Devrim mücadelesinde ideolojik netlik, her şeyden önce kadroların ve kitlelerin devrim saflarında daha kararlı, ikircimsiz ve uzun vadeli konumlanmaları için kritik önemdedir. Her alanı ve konuyu kapsayan netleşme ihtiyacının sonu asla gelmez. Sürekli bir şekilde yapılmaya çalışılan ideolojik eğitimler netleşme ihtiyacı dolayısıyladır. Netlik önemlidir.
Egemenlerle iligili yapısal gerçekliklere hakim olarak netleşmek, bu kapsama giren başlıklardan biridir. Bunun başında da egemenlerin esas niyetlerinin-amaçlarının ne olduğunu bilmek gelir. Egemenlerin, hayatın her safhasında her şeyi sınıf çıkarlarına göre düzenlemeye çalıştıkları, gözönündeki yanıltıcı unsurları yalnızca bu temel amacı perdelemek üzere işlevlendirmeye çalıştıkları konusunda şüphe, çekince, tereddüt olmamalıdır. Devrim emekçilerinin ve kitlelerin böylesi bilinç berraklığına sahip olmaları, mücadelenin an’larında veya bütün evrelerinde uygun ve gerçekçi politik- ideolojik konumlanışı almaya imkan tanır.

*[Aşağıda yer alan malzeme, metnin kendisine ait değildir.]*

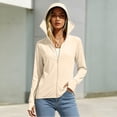 thumbnail image 2 of Uaswgudfs Women's UPF 50+ Sun Protection Hoodie with Extended Wide Brim Hat, Full Zip Lightweight Breathable UV Resistant Hiking Running Golf Athletic Jacket for Outdoor, 2 of 5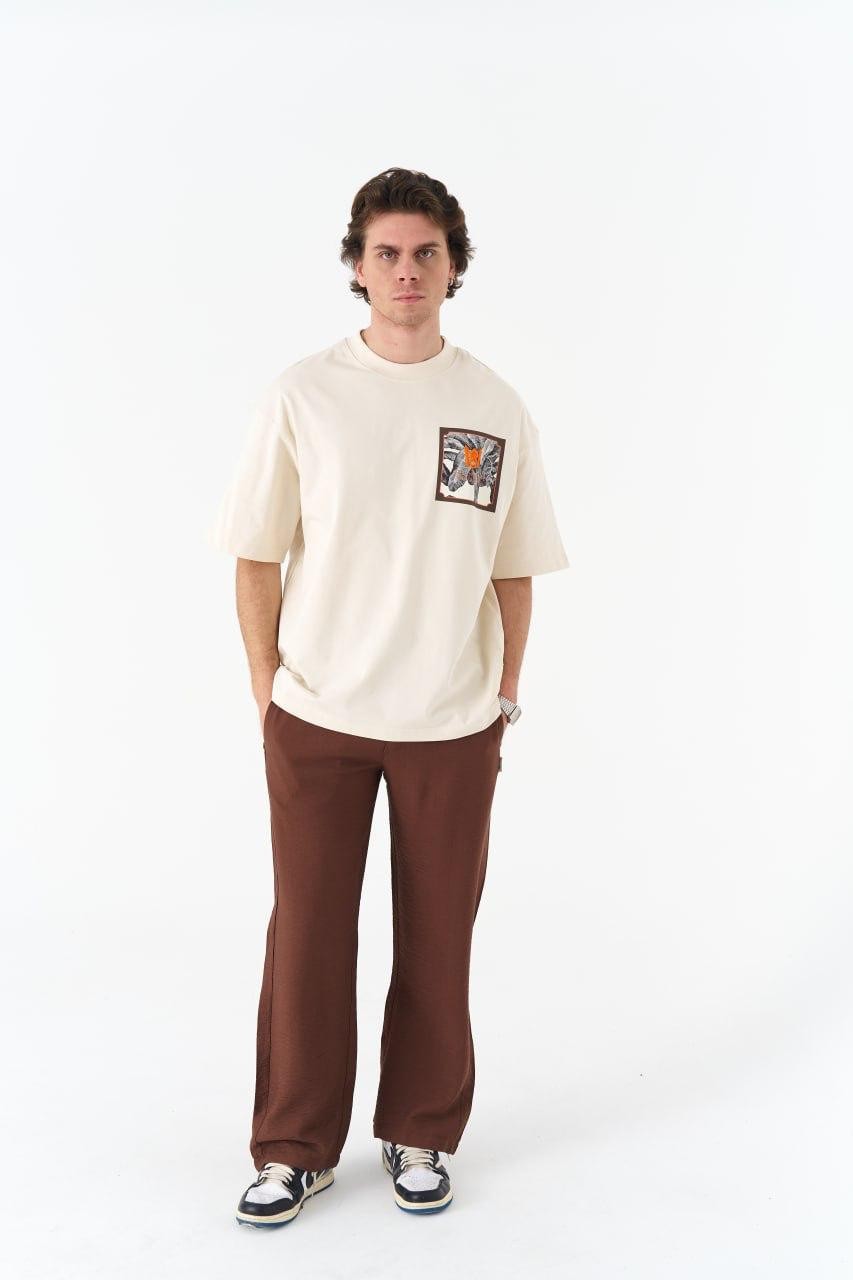 0 Yaka Save The Future Baskı Erkek Oversize T-Shirt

Netlik konusunu bir de tersinden düşünelim. Bilinç berraklığının- netliğin ne derece önemli olduğunu bildiği içindir ki egemenler, ezen-ezilen mücadelesinin başlangıcından beridir ezilenlerde bilinç bulanıklığını sürekli ve yaygın kılmak için hiç durmayan bir çabanın içerisinde olageldiler; bunun için özel savaş kurumları açtılar; dahası, üst yapı alanlarını (eğitim,din,spor,kültür vb) bu uğurda içeriksizleştirerek kendilerine göre biçimlendirdiler. Elbette bu çaba egemenler açısından normaldir. Çünkü egemenlğin sürekliliği için (diğer gerekliliklerin yanında) ezilen kitlelerin bilinç bulanıklığını daim kılmak da bir ihtiyaçtır. İlkin “zor” yoluyla baskı altına alınmalarının ardından bilinci net olmayan kitlelerin yönetilmesi, kontrol edilmesi veya manipüle edilmesi daha kolaydır. Bu sayede muhaliflerin, ezilen kitlelerin biraraya gelme ve ortak zeminde hareket etme eğilimleri akamete uğratılır; egemenlere karşı tavır geliştirmede etkisiz kalınır. Yani egemenler, ezilenlerin bilinç bulanıklığı sayesinde düşmanlarının cepheleşmelerini henüz bilinç aşamasında engellemiş olur. “Kafadan silahsızlandırma”nın boyutlarından biridir bu. Dediğimiz gibi, egemenlerin sürekli böylesi bir çaba içerisinde olmaları onların sınıfsal-yapısal gerçekliğinin doğal- normal bir tezahürüdür. Anormal olan, muhalif cenahtan kimi seslerin sosylaistlik, demokratlık adına kitlelerin veya muhaliflerin bilincini bulandırmaya hizmet edecek fikirleri tartışmalarıdır. Kitleleri solun içinden yanıltmaya kalkmak, bilinç bulanıklığına hizmet etmek siyaseten bir suçtur ve ideolojik mücadelenin, hesaplaşmanın alanına girer.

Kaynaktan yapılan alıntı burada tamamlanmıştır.